In his paper “Sex, Lies, and Consent”, Tom Dougherty also asks “how wrong is it to deceive someone into sex by lying, say, about one’s profession?”. He concludes that the answer is “seriously wrong” when the liar’s deception “would be a deal breaker for the victim”, arguing that this would ultimately vitiate the victim’s ability to give sexual consent.

“The experience left me really disillusioned with not only dating and sex, but just my sense of safety as a whole,” Jemma says. “To me, getting tricked into an encounter because I said ‘yes’ when I wouldn’t have otherwise; it felt so violating. So now, I want to be celibate until there’s some kind of culture change where being dishonest just to have sex with someone isn’t seen as legally, or even just socially, acceptable.”

Like Jemma, Billie*, 30, also turned to celibacy after feeling fed up with dating as a woman. “Sex just isn’t an equal playing field for men and women,” she says. Billie tells Huck that she’s found a lot of men have tried to enquire about how badly her past partners have treated her, often deploying mental health buzzwords to differentiate themselves from ‘genuinely’ abusive men. Pathologising unkind behaviour is nothing new, but now, words like “love-bombing” and “narcissism” have worked their way into the cultural vernacular to such an extent that their value and original meaning has been undermined. 
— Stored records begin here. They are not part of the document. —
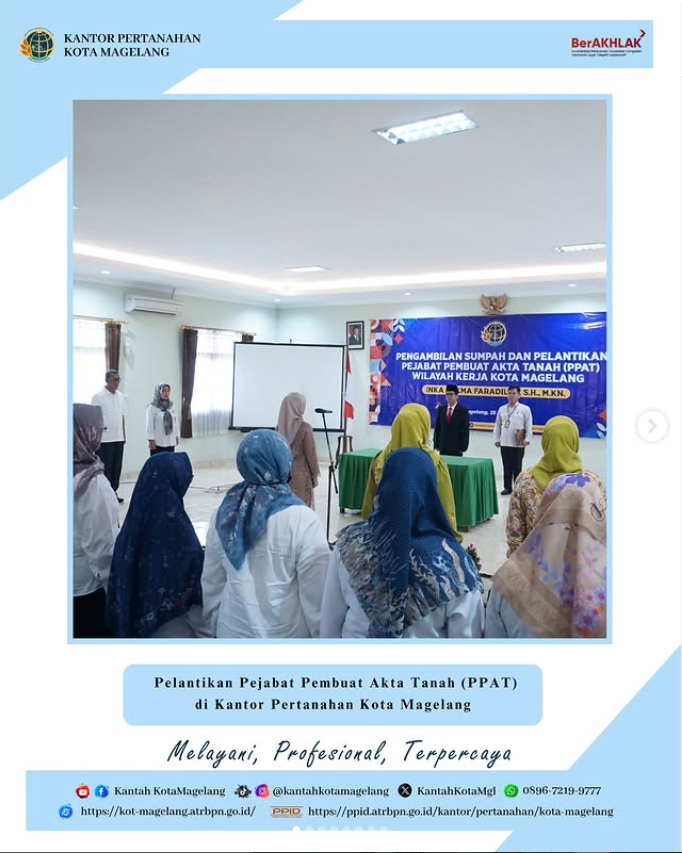 Penguatan Layanan Pertanahan: Pelantikan PPAT di Kantor Pertanahan Kota Magelang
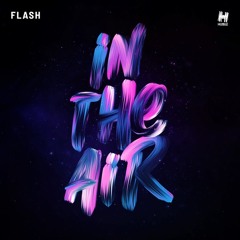 Flash - In The Air (Joel Fletcher Remix)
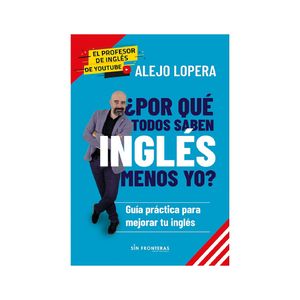 Libro ¿Por Qué Todos Saben Inglés Menos Yo? - Grupo Sin Fronteras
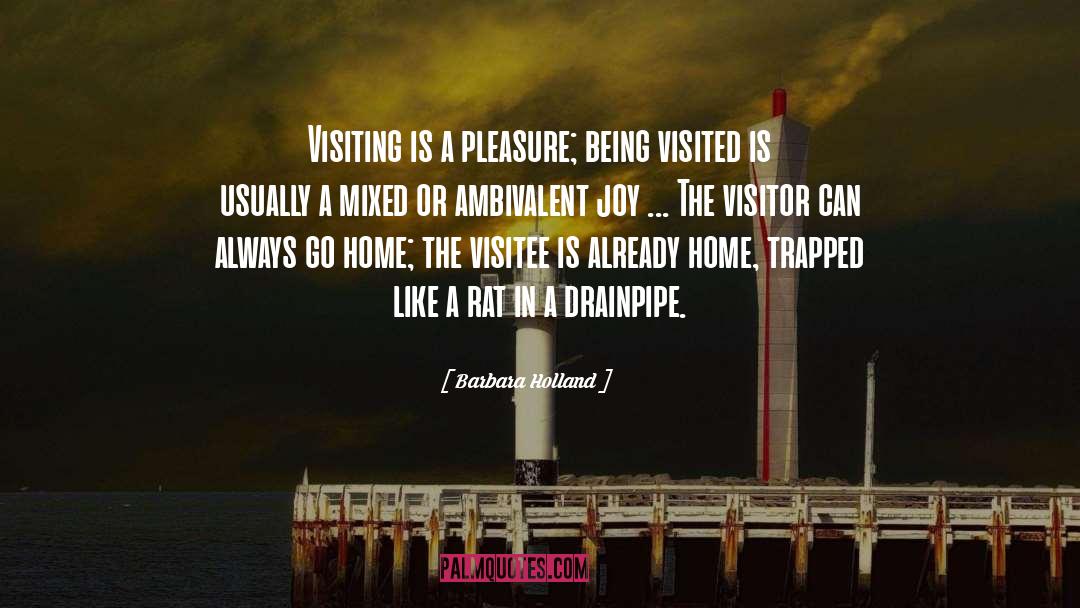 Barbara Holland Quotes: Visiting is a pleasure; being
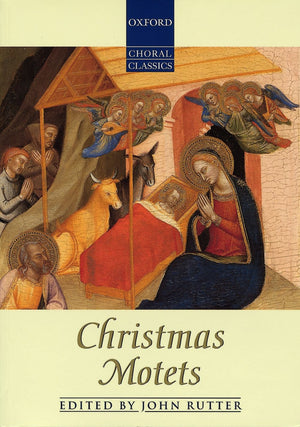 Christmas Motets (Oxford Choral Classics Collections),Used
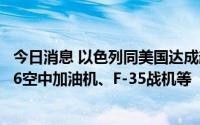 今日消息 以色列同美国达成超9亿美元军购协议，包括KC-46空中加油机、F-35战机等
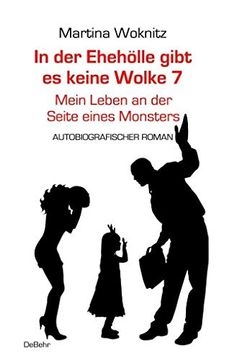 portada In der Ehe-Hölle Gibt es Keine Wolke 7? Mein Leben an der Seite Eines Monsters - Autobiografischer Roman (en Alemán)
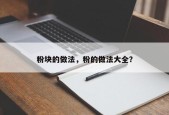 粉块的做法，粉的做法大全？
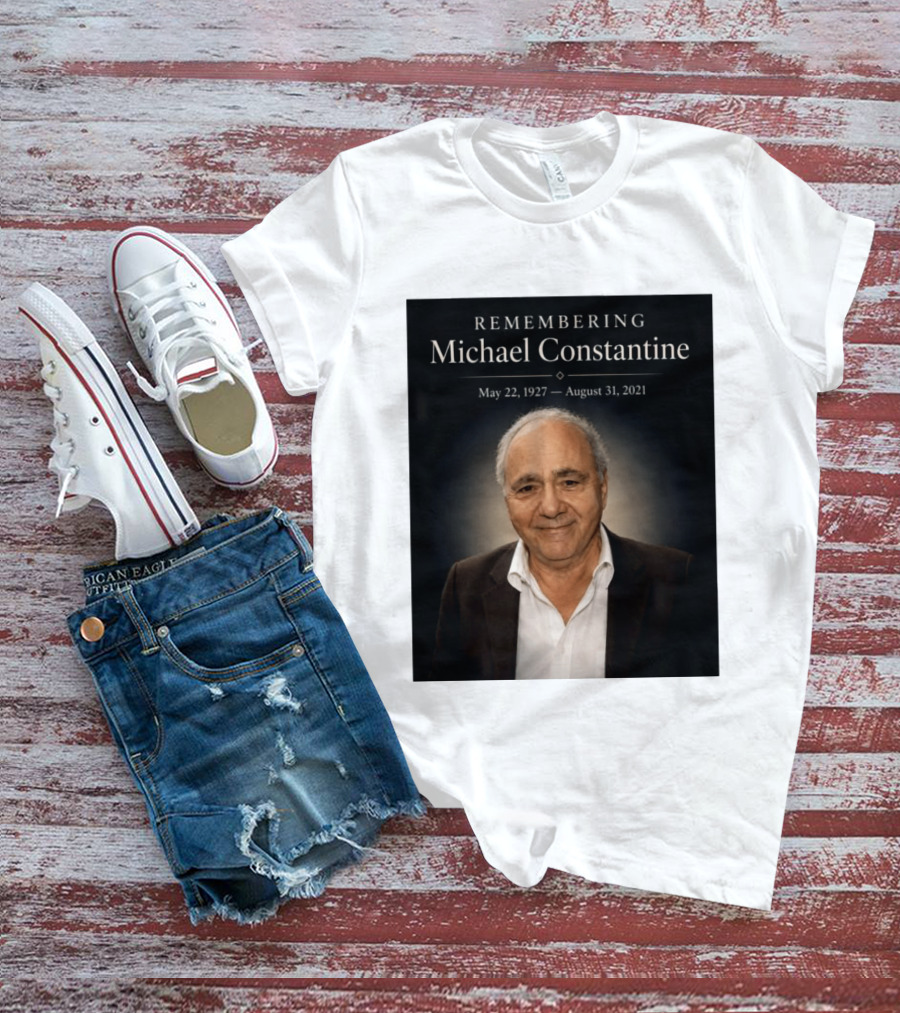 Remembering Michael Constantine May 22 1927 August 31 2021 T-Shirt
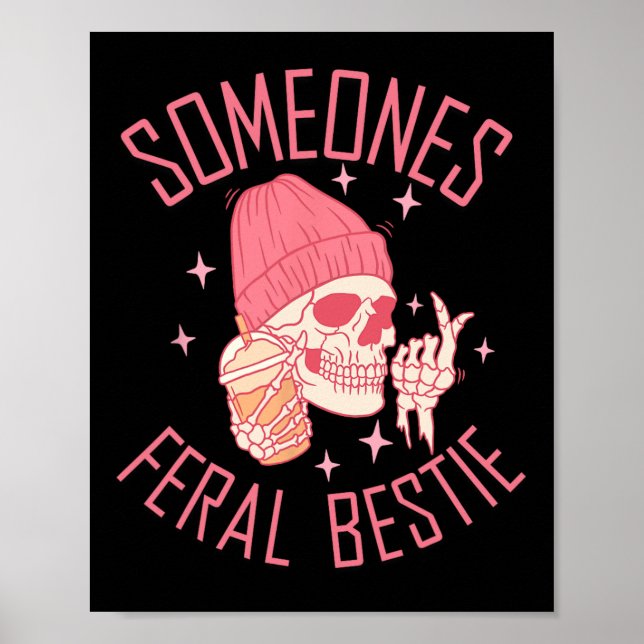 Somebody's Feral Bestie Halloween Skeleton  Poster (Front)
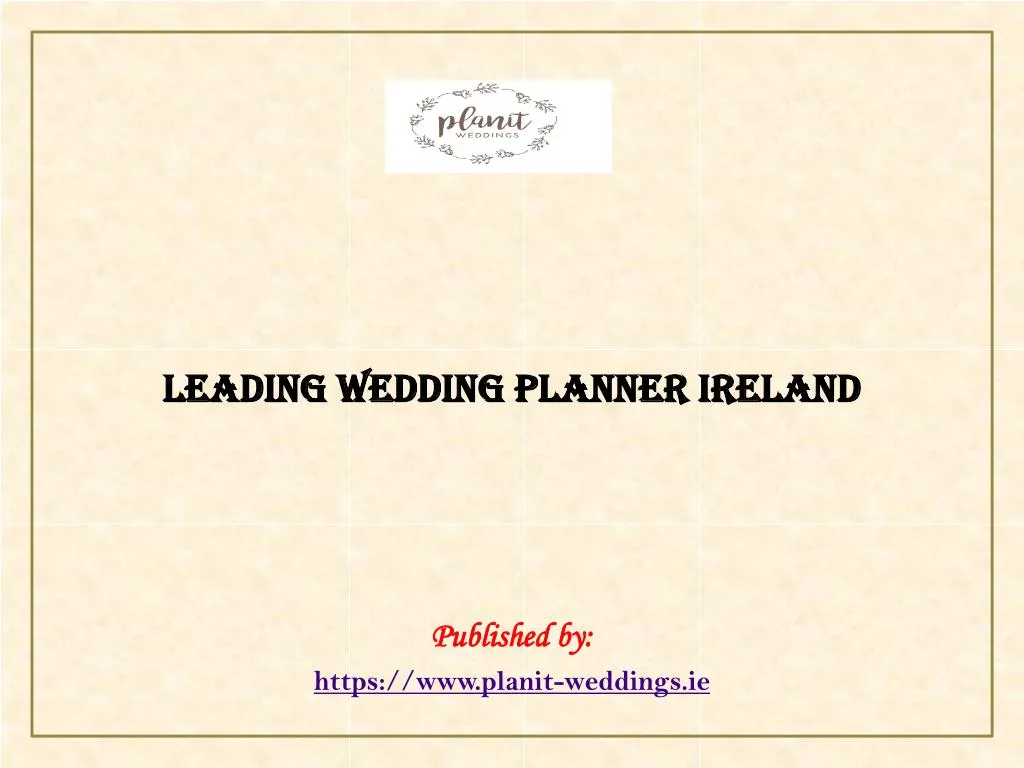 leading wedding planner ireland published by https www planit weddings ie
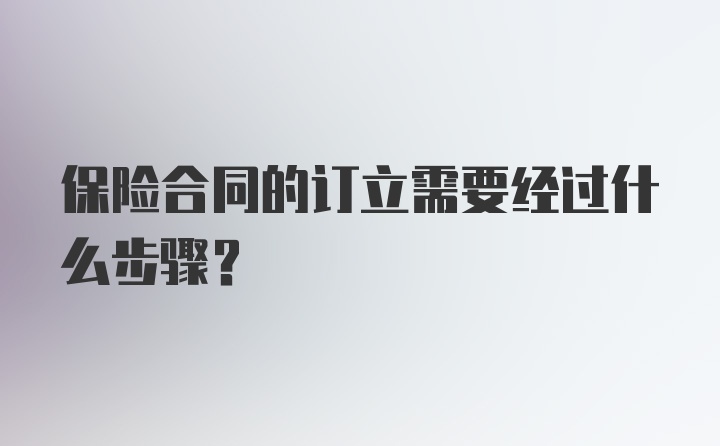 保险合同的订立需要经过什么步骤？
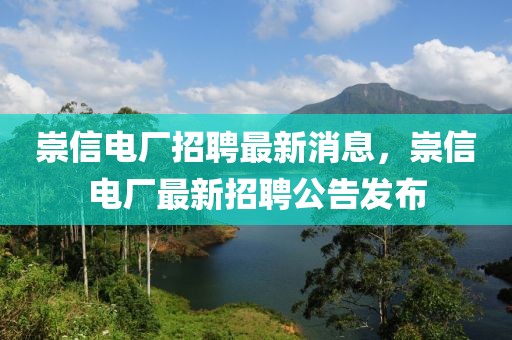 崇信電廠招聘最新消息，崇信電廠最新招聘公告發布
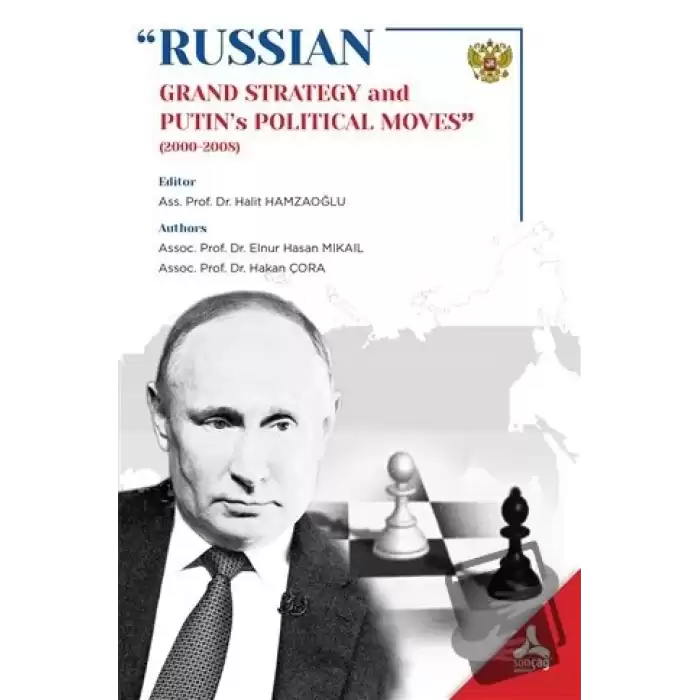 Russian - Grand Strategy and Putin’s Political Moves (2000-2008)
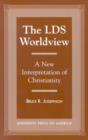 Image for The LDS Worldview : A New Interpretation of Christianity
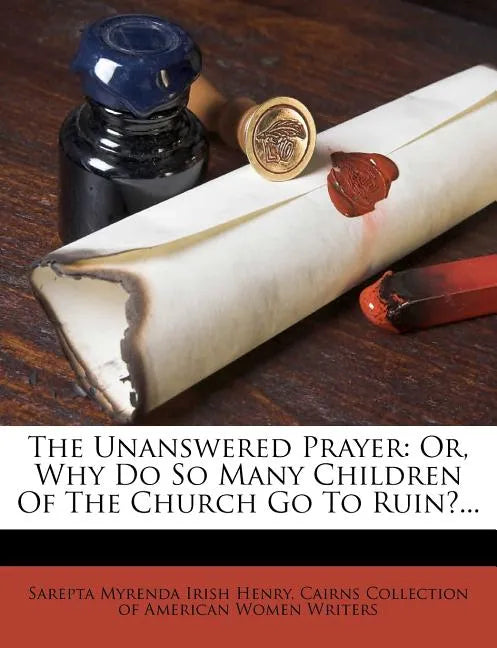 The Unanswered Prayer: Or, Why Do So Many Children of the Church Go to Ruin?... - Paperback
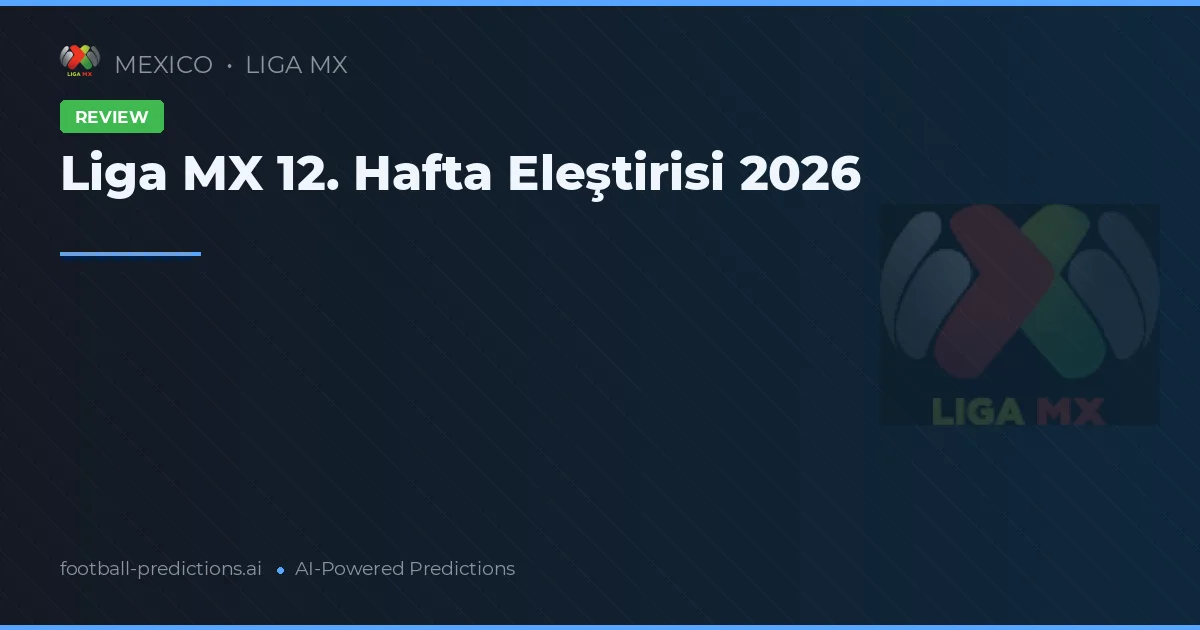 Liga MX 12. Hafta Eleştirisi 2026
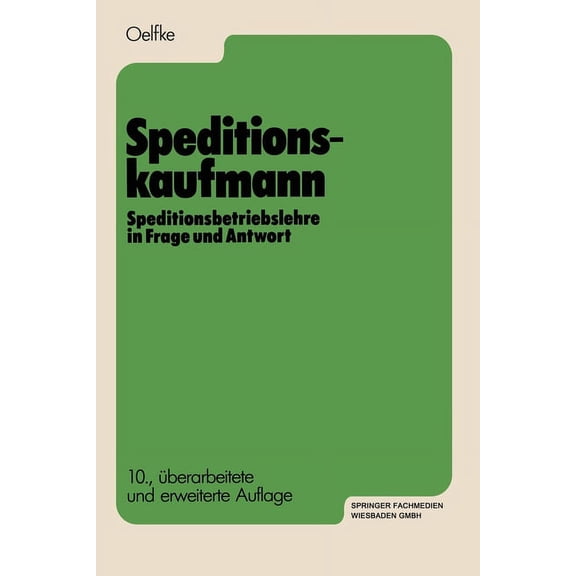 Speditionskaufmann: Speditionsbetriebslehre in Frage und Antwort, (Paperback)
“I’ll get lulled into a false sense of security that this man is better as he knows all the right language,” Billie says. “And before I know it, they’ve hurt me in a different way, but it would take longer for me to realise. I don’t have the energy to do this anymore; I’d rather just give up sex completely.”

Some have expressed concern around how the casualisation of sex may have, inadvertently, led to a culture where women are taught to have sex like men while neglecting to address the power differentiations between genders. “Sexual liberation is great, but in some ways we ran with that, and then ended up in a model of of sex that has been created by men,” says @lalalaletmeexplain, a popular Instagram account devoted to sex education. “We have got the part where it’s: ‘You can do this without judgement, you don’t have to be married or worry about unintended pregnancies!’ but we’re not balancing that with the education or that sense of what sex really is – how should it feel, when should you do it, how should you do it?”

For women, dating and engaging in hetero-sex poses a big risk. Jemma, who survived an abusive relationship and rape, explains her recent failed experience “crushed my whole outlook on my friendships, my sense of safety, and my feeling of self-worth for months”. “These were things I’d spent years rebuilding, and in just a few months of someone treating me like nothing more than a sexual plaything, I had to start again,” she says. “For me, it wasn’t just a case of ‘Oh, well that’s sad it didn’t work out’.”

While the future of the landscape for heterosexual dating is unclear, while it may still seem a bold choice, celibacy is, for many women, the most obvious one. “I hope that in the future, there’s a more transparent culture about intent and honesty when it comes to dating and sex,” Jemma says. “For now, if remaining celibate means avoiding getting hurt in a world where it’s normalised to deceive women or treat them like disposable objects, so be it.”